-- What to work on --
What is needed is an exact copy of the lines in the entries below from the one holding "Trespasser Murdered Lufkin" through the one holding "Birmingham Car Keys — Customer photo", pictures excluded.

-- Data --
= = = =

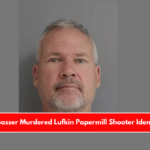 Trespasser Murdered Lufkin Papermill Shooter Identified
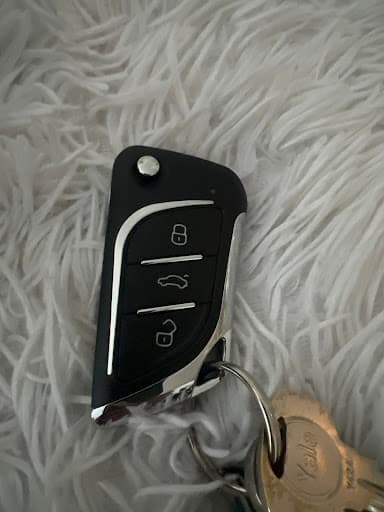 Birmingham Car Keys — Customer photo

= = = =

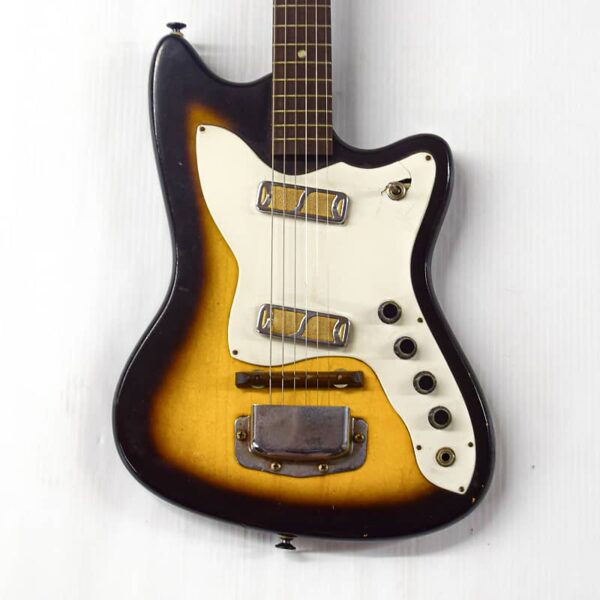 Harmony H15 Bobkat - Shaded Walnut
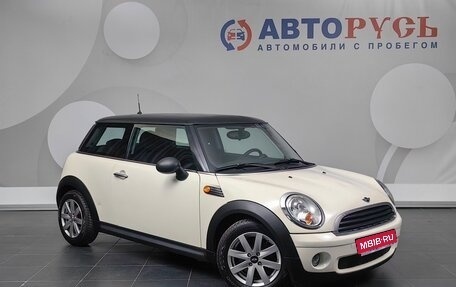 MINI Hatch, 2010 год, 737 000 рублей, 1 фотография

= = = =

-- Solution --
 Trespasser Murdered Lufkin Papermill Shooter Identified
 Birmingham Car Keys — Customer photo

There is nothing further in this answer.